Not a Sinister But a Hopeful Sign

(WSJ map)
Seven weeks ago we posted our take on the mysterious Flannery Associates that had bought 52,000 acres near Travis Air Force Base.
Personally, I think that the land purchases have been too extensive ($800 million) to be for a [Chinese] spying operation. More likely the ultimate goal is development; residential costs in Vacaville and Fairfield are all much lower than in the San Francisco Bay Area and expansion near there makes sense.

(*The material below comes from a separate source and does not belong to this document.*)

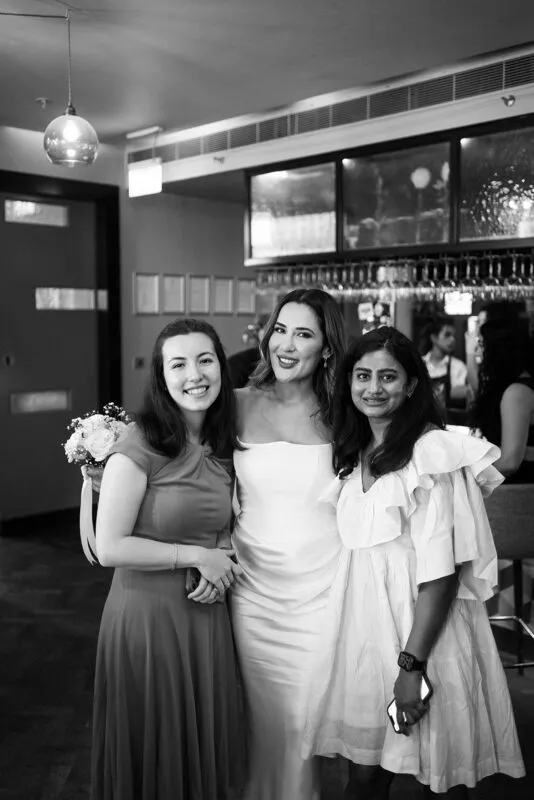 Three guests smile together inside a venue during a wedding celebration, captured in a monochrome documentary style.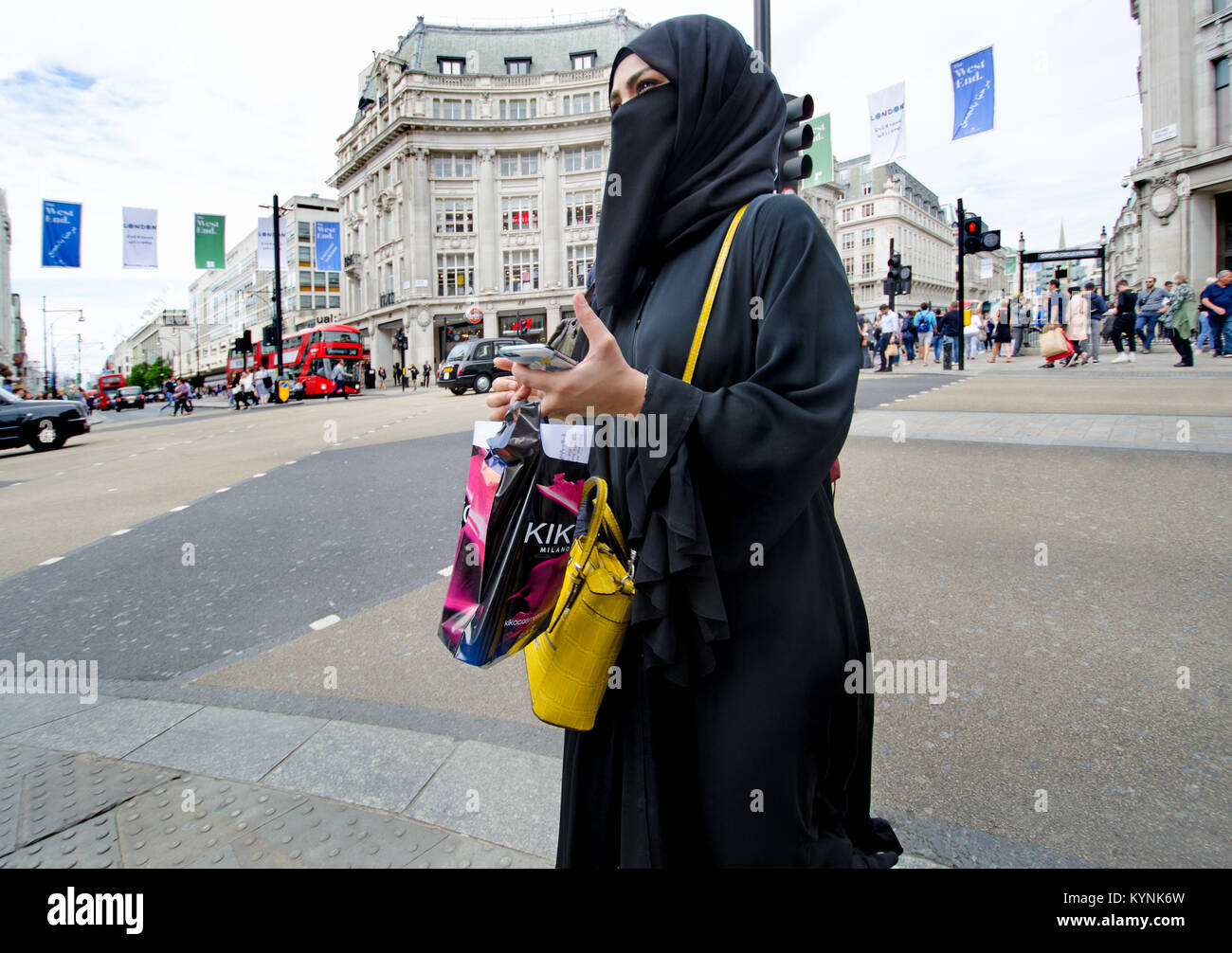 Londres, Angleterre, Royaume-Uni. Femme musulmane dans la région de Oxford Circus portant un hijab et niqaab, avec shopping Banque D'Images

It also wouldn't be surprising if the buyer was a tech giant which has long-range plans to build a "company town" complete with offices, manufacturing, and houses. Far from being a concern, proximity to Travis AFB would be a plus if the hypothetical tech has aerospace elements.
My predictions were close to the mark.

Tech Leaders Emerge Behind Plan to Build New City Near California Air Base
A group of high-profile Silicon Valley entrepreneurs and investors emerged Friday as backers of a group that plans to build a new city in Northern California, after its purchases of land around an Air Force base had raised national-security concerns among U.S. officials.

Flannery Associates said Friday it planned to construct a new housing development in the area...

The group’s investors include a high-wattage list of technology entrepreneurs and investors, according to a person familiar with the group. They include LinkedIn co-founder Reid Hoffman; former Sequoia Capital partner Michael Moritz; and venture capitalists Marc Andreessen and Chris Dixon, who are general partners at Andreessen Horowitz.

Other investors include Patrick Collison and John Collison, co-founders of Stripe, a payments processor to internet companies; Laurene Powell Jobs, a philanthropist and the widow of Apple co-founder Steve Jobs; and Nat Friedman, the former chief executive officer of GitHub.
The $1 billion spent so far is small potatoes compared to the combined net worths of the billionaires named as purchasers. That said, it will take multi-billions more, plus a time horizon of at least two decades to see just the initial returns from this project.

We will likely find that the investment is being made by trusts for the benefit of the billionaires' children and grandchildren, with the development profits escaping estate taxes.

Additional comment: California is not totally lost if some extremely wealthy people still regard California as a place to make money from very long-term investments.